Kenya's fuel prices have risen for a second consecutive month, with diesel setting a new all-time high and petrol climbing further above KSh 200, as the Middle East supply crisis continues to drive landed costs higher with no sign of relief.
- •The Energy and Petroleum Regulatory Authority (EPRA) announced maximum retail pump prices for the May 15 to June 14, 2026 cycle on May 14, with super petrol rising KSh 16.65 to KSh 214.25 per litre and diesel surging KSh 46.29 to KSh 242.92 in Nairobi.
- •The May price beats April's KSh 206.84 by KSh 36.08, a 17.4% jump in a single pricing window and the second record-breaking month in succession.
- •The increases are the second consecutive window to capture the full weight of Strait of Hormuz supply disruptions following the February 28 US-Israel strikes on Iran.
Kerosene remains unchanged at KSh 152.78. The new prices take effect at midnight.

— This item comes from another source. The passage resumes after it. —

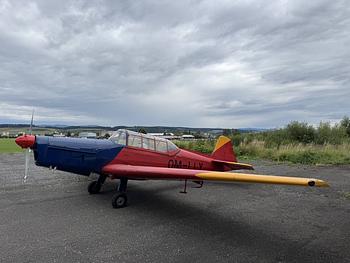 Thumbnail of aircraft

Diesel landed costs rose 20.32% from US$1,073.82 per cubic metre in March to US$1,291.98 in April. Super petrol increased 10.00% from US$823.87 to US$906.23, while kerosene edged up 1.59% from US$1,311.93 to US$1,332.73.
The USD/KSh exchange rate eased marginally to 129.56 from 130.08, providing negligible relief against the scale of the dollar-denominated price shock.
Thinner Cushion
The government deployed KSh 5 billion from the Petroleum Development Levy Fund this cycle, down from KSh 6.2 billion in April, and narrowed the scope of support. Petrol receives no stabilization subsidy in the May cycle, a significant shift from April when KSh 4.68 per litre was absorbed on the product.
Diesel carries a stabilization deficit of KSh 14.51 per litre and kerosene KSh 91.29 per litre. The 8% VAT rate established by Legal Notice No. 70 on April 15 remains in force.
Without the kerosene subsidy, the product would retail at approximately KSh 244 per litre in Nairobi, nearly 60% above the current pump price. The narrowing of the subsidy envelope and the removal of petrol support signals that the Petroleum Development Levy Fund is under increasing strain as back-to-back shocks deplete its reserves.
Economy Already Feeling the Pain
The May review arrives as the economic damage from April's increases is still feeding through. Kenya's inflation climbed to 5.6% in April, the highest since March 2024, driven by food inflation of 8.8% and transport inflation of 10%.
The Stanbic Bank Kenya Purchasing Managers' Index showed private sector activity contracting for a second consecutive month as businesses absorbed rising operational costs.
The IMF has revised Kenya's 2026 growth forecast down to 4.4 to 4.5% from earlier projections of 4.9%, citing fuel import costs as a central risk, while projecting the budget deficit to widen to 6.4% of GDP.
The International Energy Agency warned this week that the Iran conflict could push global oil supply below demand throughout 2026. With the June pricing window set to capture cargoes discharged in May, and global oil markets still disrupted, the pressure on the next review has not eased.